Task:
Would you please return the line containing "カーハート ビーニー 帽子 ウール ストライプ" and all the lines after it through the end of the records below, unchanged and on their own?

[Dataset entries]
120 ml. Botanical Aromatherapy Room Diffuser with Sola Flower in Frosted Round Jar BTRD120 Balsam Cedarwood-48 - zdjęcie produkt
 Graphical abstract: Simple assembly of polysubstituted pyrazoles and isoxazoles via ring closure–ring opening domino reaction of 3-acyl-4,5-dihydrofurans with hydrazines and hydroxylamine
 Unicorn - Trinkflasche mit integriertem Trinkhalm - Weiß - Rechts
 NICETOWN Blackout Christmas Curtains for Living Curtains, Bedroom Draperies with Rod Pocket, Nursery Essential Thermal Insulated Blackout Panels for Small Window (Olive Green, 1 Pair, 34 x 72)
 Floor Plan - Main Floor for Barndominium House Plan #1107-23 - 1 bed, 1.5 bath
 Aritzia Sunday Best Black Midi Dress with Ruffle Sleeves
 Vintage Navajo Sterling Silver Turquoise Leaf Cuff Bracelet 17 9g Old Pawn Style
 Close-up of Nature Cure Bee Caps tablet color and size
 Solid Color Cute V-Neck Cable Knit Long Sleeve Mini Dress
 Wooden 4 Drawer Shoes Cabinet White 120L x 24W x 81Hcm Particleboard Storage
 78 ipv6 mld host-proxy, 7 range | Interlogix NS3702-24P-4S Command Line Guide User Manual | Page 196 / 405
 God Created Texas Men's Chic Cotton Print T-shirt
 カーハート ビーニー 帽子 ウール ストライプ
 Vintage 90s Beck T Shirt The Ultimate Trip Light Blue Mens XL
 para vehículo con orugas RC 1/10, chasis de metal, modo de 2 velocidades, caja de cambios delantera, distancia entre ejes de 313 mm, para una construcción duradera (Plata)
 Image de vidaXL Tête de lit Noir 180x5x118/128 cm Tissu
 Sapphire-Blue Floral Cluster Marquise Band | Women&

Response to this task:
 カーハート ビーニー 帽子 ウール ストライプ
 Vintage 90s Beck T Shirt The Ultimate Trip Light Blue Mens XL
 para vehículo con orugas RC 1/10, chasis de metal, modo de 2 velocidades, caja de cambios delantera, distancia entre ejes de 313 mm, para una construcción duradera (Plata)
 Image de vidaXL Tête de lit Noir 180x5x118/128 cm Tissu
 Sapphire-Blue Floral Cluster Marquise Band | Women&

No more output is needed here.